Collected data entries
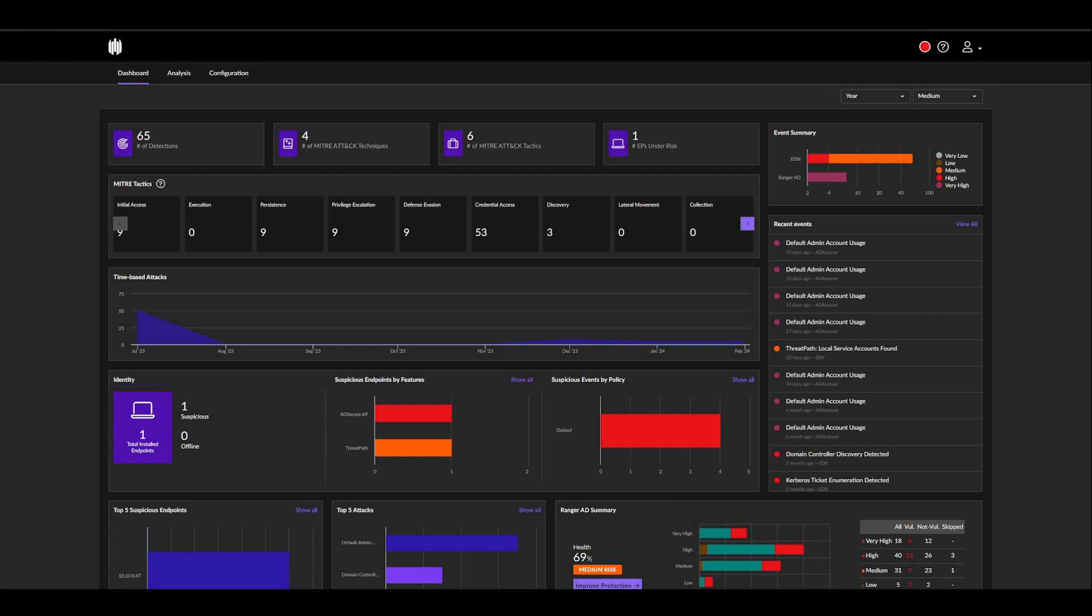Hey everyone, today we'll be taking a quick look at the Singularity Identity platform by SentinelOne. This product is usually something we recommend for our clients who already have their endpoint secured by EDR, and instead of focusing solely on endpoint protection, we're actually adding layers of security to the Active Directory portion of your environment.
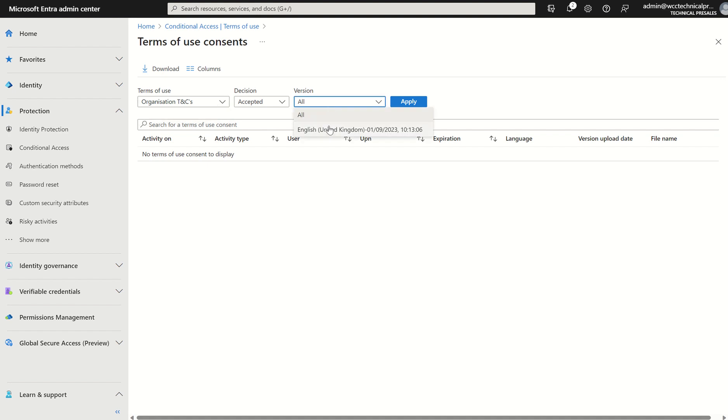And you can define by version as well. Any other questions, please do let me know. Once again, this is just a quick overview in terms of use. Thank you very much.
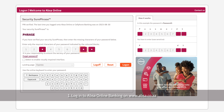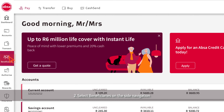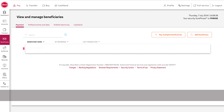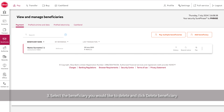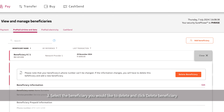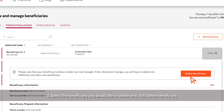Select Beneficiaries on the site navigation. Select the beneficiary you would like to delete and click Delete Beneficiary.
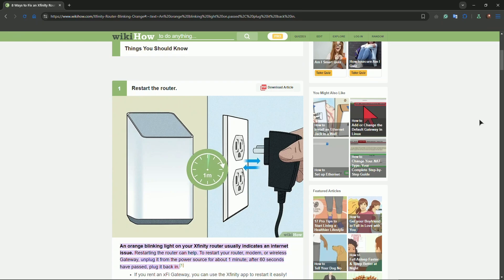Let's go through the steps. First of all, you need to power cycle the modem. Unplug the modem, wait for 30 seconds, and plug the modem back in.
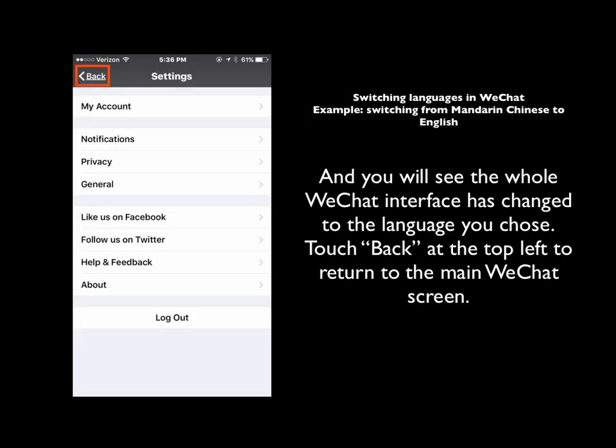Now you'll see that the interface has switched to the language that you chose. Just touch Back at the top left to go back to the main WeChat screen and start WeChatting.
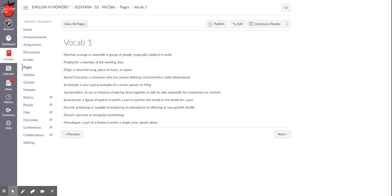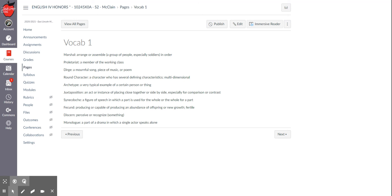Fecund is producing an abundance of offspring or new growth, fertile. A lot of times we'll think of swamps as fecund because they can grow a whole lot of stuff and they're marshy and things like that. To discern is to perceive or recognize something. It's an action. And the monologue is a part of a drama in which a single actor speaks a long speech. This is different from a soliloquy because they're usually monologuing to somebody else. It's not to themselves, which is what a soliloquy would be. Do you have any questions about your vocab? Please let me know.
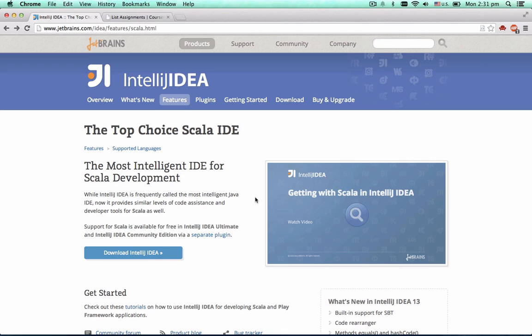Hi there! In this video we're going to show you how to get started with Scala and IntelliJ IDEA.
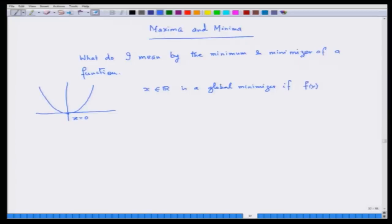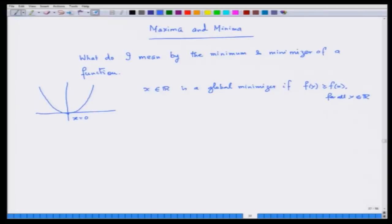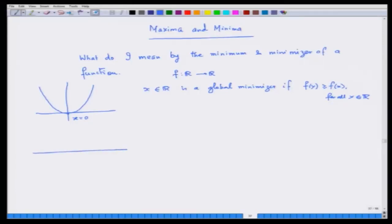We say x is a global minimizer if f(y) is greater than or equal to f(x) for all y in ℝ. We are now talking of functions from ℝ to ℝ and we will soon be talking about those functions which are also differentiable. A local minimizer is a minimizer which need not satisfy this definition for all y, but only for some y which are very near x.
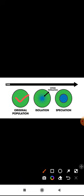Here, the geographical barrier is not considered. For example, the red-colored cichlid fish and blue-colored cichlid fish which occur in Lake Victoria are examples of sympatric speciation.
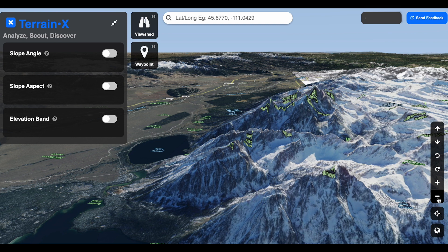We have a persistent slab at mid to high elevation bands — let's call it 8,000 feet. That persistent slab problem is going to be located on north, northeast, and east aspects. We see that the likelihood is going to be reactive, and the slope angle we're trying to isolate and visualize here on the web map is going to be between 32 and 45 degrees.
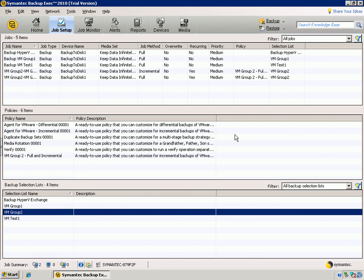Welcome to Backup Exec 2010, Protecting Your VMware Virtual Environments, Restoring Your Backed Up Data.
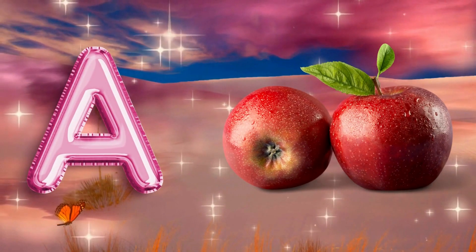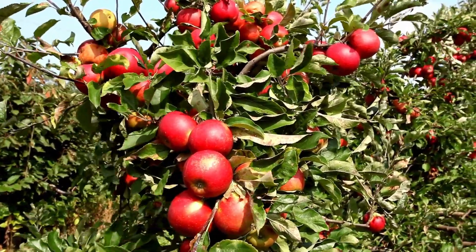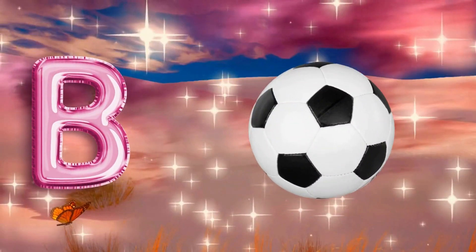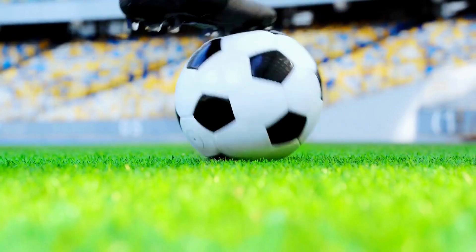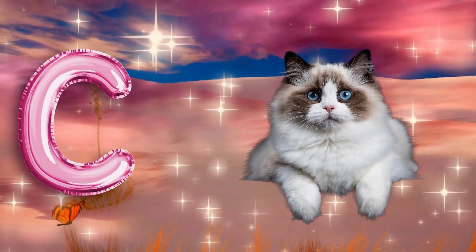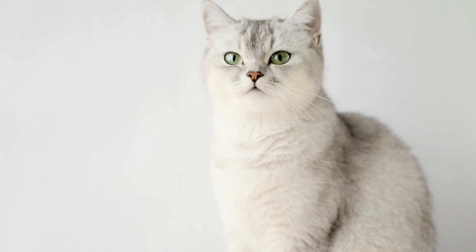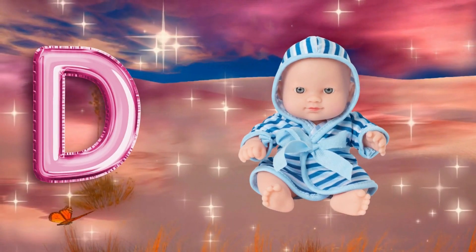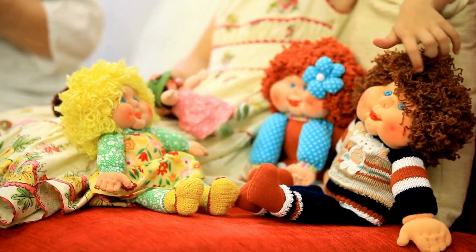A is for apple, a-a-apple. B is for ball, b-b-ball. C is for cat, c-c-cat. D is for doll, d-d-doll.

### Required work
The records above need to be printed in full and exactly, without any of the pictures.

### Problem solution
Hey everyone, today we'll be taking a quick look at the Singularity Identity platform by SentinelOne. This product is usually something we recommend for our clients who already have their endpoint secured by EDR, and instead of focusing solely on endpoint protection, we're actually adding layers of security to the Active Directory portion of your environment.
And you can define by version as well. Any other questions, please do let me know. Once again, this is just a quick overview in terms of use. Thank you very much.
Select Beneficiaries on the site navigation. Select the beneficiary you would like to delete and click Delete Beneficiary.
Let's go through the steps. First of all, you need to power cycle the modem. Unplug the modem, wait for 30 seconds, and plug the modem back in.
Now you'll see that the interface has switched to the language that you chose. Just touch Back at the top left to go back to the main WeChat screen and start WeChatting.
Fecund is producing an abundance of offspring or new growth, fertile. A lot of times we'll think of swamps as fecund because they can grow a whole lot of stuff and they're marshy and things like that. To discern is to perceive or recognize something. It's an action. And the monologue is a part of a drama in which a single actor speaks a long speech. This is different from a soliloquy because they're usually monologuing to somebody else. It's not to themselves, which is what a soliloquy would be. Do you have any questions about your vocab? Please let me know.
Hi there! In this video we're going to show you how to get started with Scala and IntelliJ IDEA.
We say x is a global minimizer if f(y) is greater than or equal to f(x) for all y in ℝ. We are now talking of functions from ℝ to ℝ and we will soon be talking about those functions which are also differentiable. A local minimizer is a minimizer which need not satisfy this definition for all y, but only for some y which are very near x.
Here, the geographical barrier is not considered. For example, the red-colored cichlid fish and blue-colored cichlid fish which occur in Lake Victoria are examples of sympatric speciation.
We have a persistent slab at mid to high elevation bands — let's call it 8,000 feet. That persistent slab problem is going to be located on north, northeast, and east aspects. We see that the likelihood is going to be reactive, and the slope angle we're trying to isolate and visualize here on the web map is going to be between 32 and 45 degrees.
Welcome to Backup Exec 2010, Protecting Your VMware Virtual Environments, Restoring Your Backed Up Data.
A is for apple, a-a-apple. B is for ball, b-b-ball. C is for cat, c-c-cat. D is for doll, d-d-doll.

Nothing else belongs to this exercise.